WHAT IS EXPECTED ::
Write out each entry once more so that it matches the original exactly.
___
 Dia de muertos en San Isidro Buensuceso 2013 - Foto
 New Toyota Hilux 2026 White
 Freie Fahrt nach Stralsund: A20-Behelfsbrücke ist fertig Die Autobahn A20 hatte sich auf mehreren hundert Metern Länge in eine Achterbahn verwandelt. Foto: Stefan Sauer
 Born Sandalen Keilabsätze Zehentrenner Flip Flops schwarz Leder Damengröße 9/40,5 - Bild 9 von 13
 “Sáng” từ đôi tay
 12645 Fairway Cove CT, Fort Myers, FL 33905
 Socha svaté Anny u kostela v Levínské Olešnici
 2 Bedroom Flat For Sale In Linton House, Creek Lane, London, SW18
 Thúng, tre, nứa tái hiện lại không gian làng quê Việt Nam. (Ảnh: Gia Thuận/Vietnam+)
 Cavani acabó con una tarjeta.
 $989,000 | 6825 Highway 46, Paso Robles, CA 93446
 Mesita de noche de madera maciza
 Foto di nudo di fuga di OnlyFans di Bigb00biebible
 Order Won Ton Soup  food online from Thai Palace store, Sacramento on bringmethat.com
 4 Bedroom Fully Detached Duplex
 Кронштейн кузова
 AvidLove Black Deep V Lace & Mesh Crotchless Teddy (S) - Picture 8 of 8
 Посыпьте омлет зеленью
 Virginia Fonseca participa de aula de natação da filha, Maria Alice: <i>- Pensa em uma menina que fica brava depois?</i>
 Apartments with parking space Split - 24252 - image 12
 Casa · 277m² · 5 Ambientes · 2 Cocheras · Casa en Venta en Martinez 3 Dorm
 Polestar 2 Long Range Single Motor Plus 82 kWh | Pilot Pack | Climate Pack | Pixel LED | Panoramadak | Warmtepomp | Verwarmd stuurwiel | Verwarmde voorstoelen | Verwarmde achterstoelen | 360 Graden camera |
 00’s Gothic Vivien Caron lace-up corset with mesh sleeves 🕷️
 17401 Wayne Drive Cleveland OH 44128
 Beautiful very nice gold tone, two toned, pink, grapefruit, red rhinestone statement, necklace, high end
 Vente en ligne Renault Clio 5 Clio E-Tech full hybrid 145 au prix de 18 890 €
___
SOLUTION TO THE PROBLEM ::
 Dia de muertos en San Isidro Buensuceso 2013 - Foto
 New Toyota Hilux 2026 White
 Freie Fahrt nach Stralsund: A20-Behelfsbrücke ist fertig Die Autobahn A20 hatte sich auf mehreren hundert Metern Länge in eine Achterbahn verwandelt. Foto: Stefan Sauer
 Born Sandalen Keilabsätze Zehentrenner Flip Flops schwarz Leder Damengröße 9/40,5 - Bild 9 von 13
 “Sáng” từ đôi tay
 12645 Fairway Cove CT, Fort Myers, FL 33905
 Socha svaté Anny u kostela v Levínské Olešnici
 2 Bedroom Flat For Sale In Linton House, Creek Lane, London, SW18
 Thúng, tre, nứa tái hiện lại không gian làng quê Việt Nam. (Ảnh: Gia Thuận/Vietnam+)
 Cavani acabó con una tarjeta.
 $989,000 | 6825 Highway 46, Paso Robles, CA 93446
 Mesita de noche de madera maciza
 Foto di nudo di fuga di OnlyFans di Bigb00biebible
 Order Won Ton Soup  food online from Thai Palace store, Sacramento on bringmethat.com
 4 Bedroom Fully Detached Duplex
 Кронштейн кузова
 AvidLove Black Deep V Lace & Mesh Crotchless Teddy (S) - Picture 8 of 8
 Посыпьте омлет зеленью
 Virginia Fonseca participa de aula de natação da filha, Maria Alice: <i>- Pensa em uma menina que fica brava depois?</i>
 Apartments with parking space Split - 24252 - image 12
 Casa · 277m² · 5 Ambientes · 2 Cocheras · Casa en Venta en Martinez 3 Dorm
 Polestar 2 Long Range Single Motor Plus 82 kWh | Pilot Pack | Climate Pack | Pixel LED | Panoramadak | Warmtepomp | Verwarmd stuurwiel | Verwarmde voorstoelen | Verwarmde achterstoelen | 360 Graden camera |
 00’s Gothic Vivien Caron lace-up corset with mesh sleeves 🕷️
 17401 Wayne Drive Cleveland OH 44128
 Beautiful very nice gold tone, two toned, pink, grapefruit, red rhinestone statement, necklace, high end
 Vente en ligne Renault Clio 5 Clio E-Tech full hybrid 145 au prix de 18 890 €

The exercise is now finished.